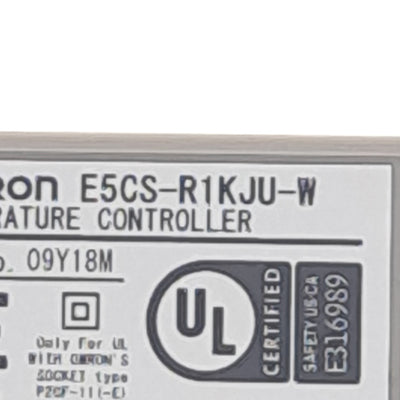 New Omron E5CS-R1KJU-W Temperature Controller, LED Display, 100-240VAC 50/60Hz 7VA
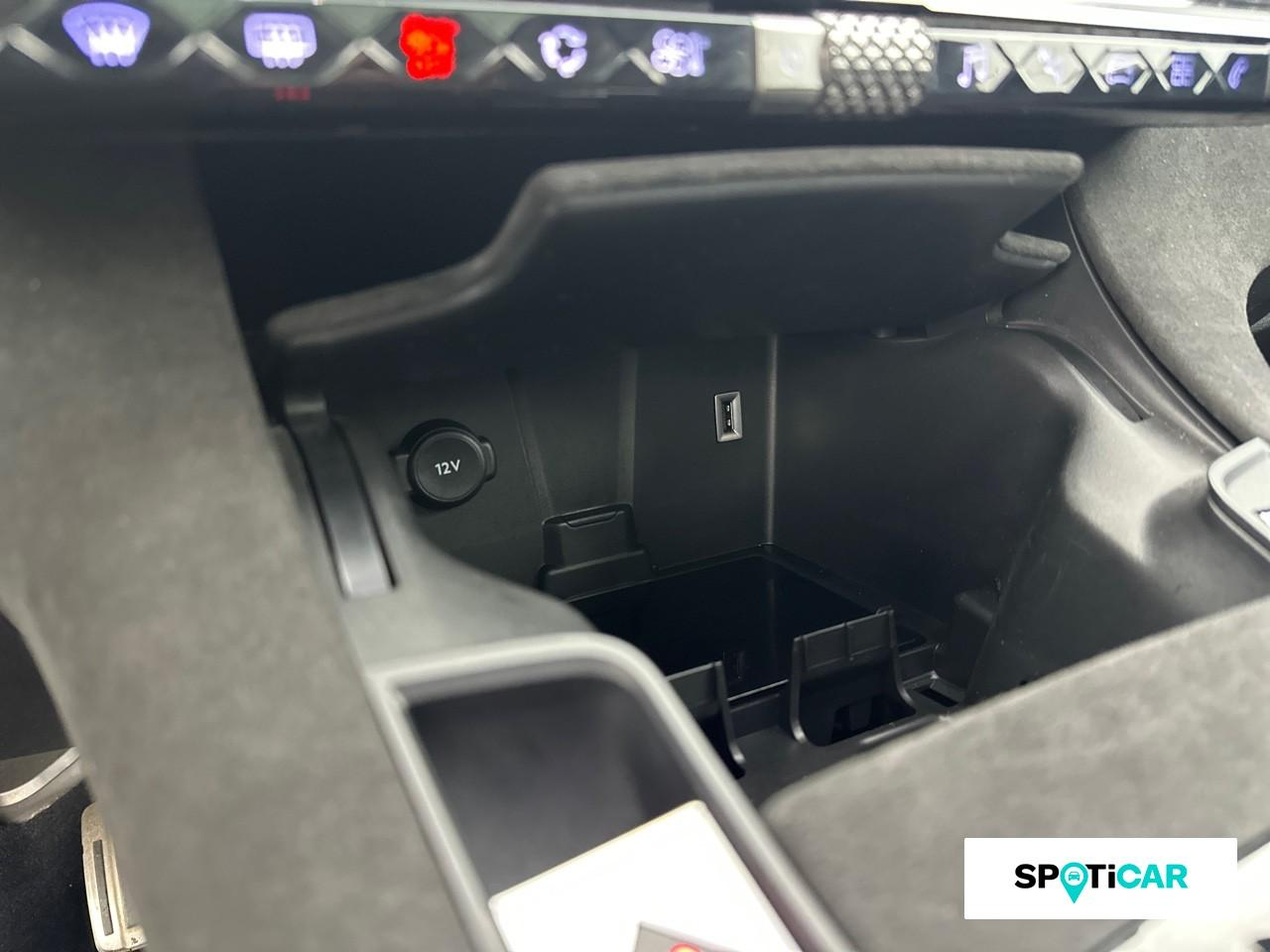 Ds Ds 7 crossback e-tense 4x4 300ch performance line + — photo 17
==
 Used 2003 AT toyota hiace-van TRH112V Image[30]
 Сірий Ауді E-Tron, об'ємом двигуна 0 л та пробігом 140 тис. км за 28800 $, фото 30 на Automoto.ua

Problem to solve:
When you reach the line with "New Omron E5CS-R1KJU-W" in the records above, begin repeating the lines exactly, and stop after the line with "Ds Ds 7 crossback". Skip all pictures.

Response area:
 New Omron E5CS-R1KJU-W Temperature Controller, LED Display, 100-240VAC 50/60Hz 7VA
 Ds Ds 7 crossback e-tense 4x4 300ch performance line + — photo 17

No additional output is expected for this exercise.